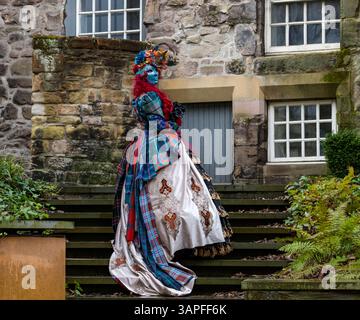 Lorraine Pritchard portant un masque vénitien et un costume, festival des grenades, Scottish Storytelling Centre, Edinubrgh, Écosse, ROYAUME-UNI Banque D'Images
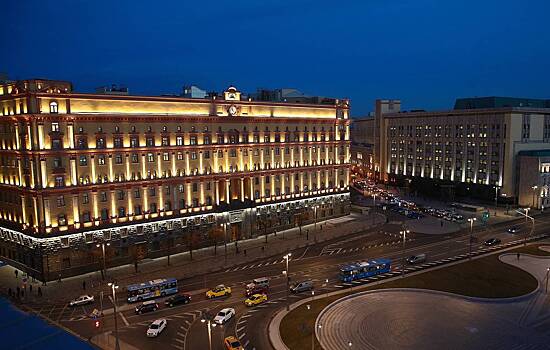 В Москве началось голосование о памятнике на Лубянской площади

==

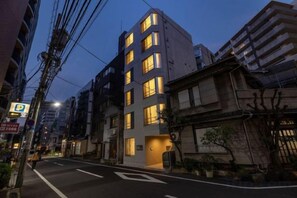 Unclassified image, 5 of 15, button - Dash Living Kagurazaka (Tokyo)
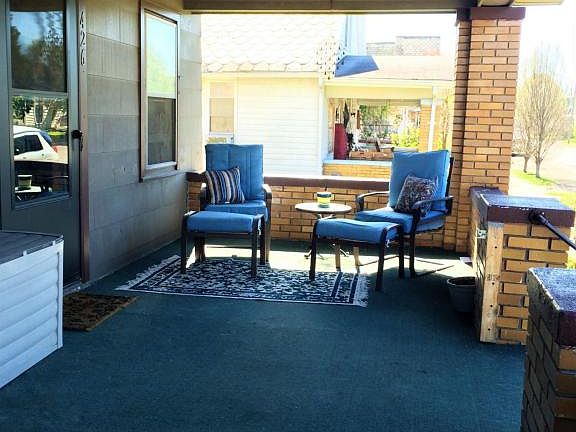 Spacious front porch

## Exercise objective
Above are the records; copy exactly the lines from the one with "Lorraine Pritchard portant" through the one with "В Москве началось", including both, and nothing more. Leave out pictures.

## Solution
 Lorraine Pritchard portant un masque vénitien et un costume, festival des grenades, Scottish Storytelling Centre, Edinubrgh, Écosse, ROYAUME-UNI Banque D'Images
 В Москве началось голосование о памятнике на Лубянской площади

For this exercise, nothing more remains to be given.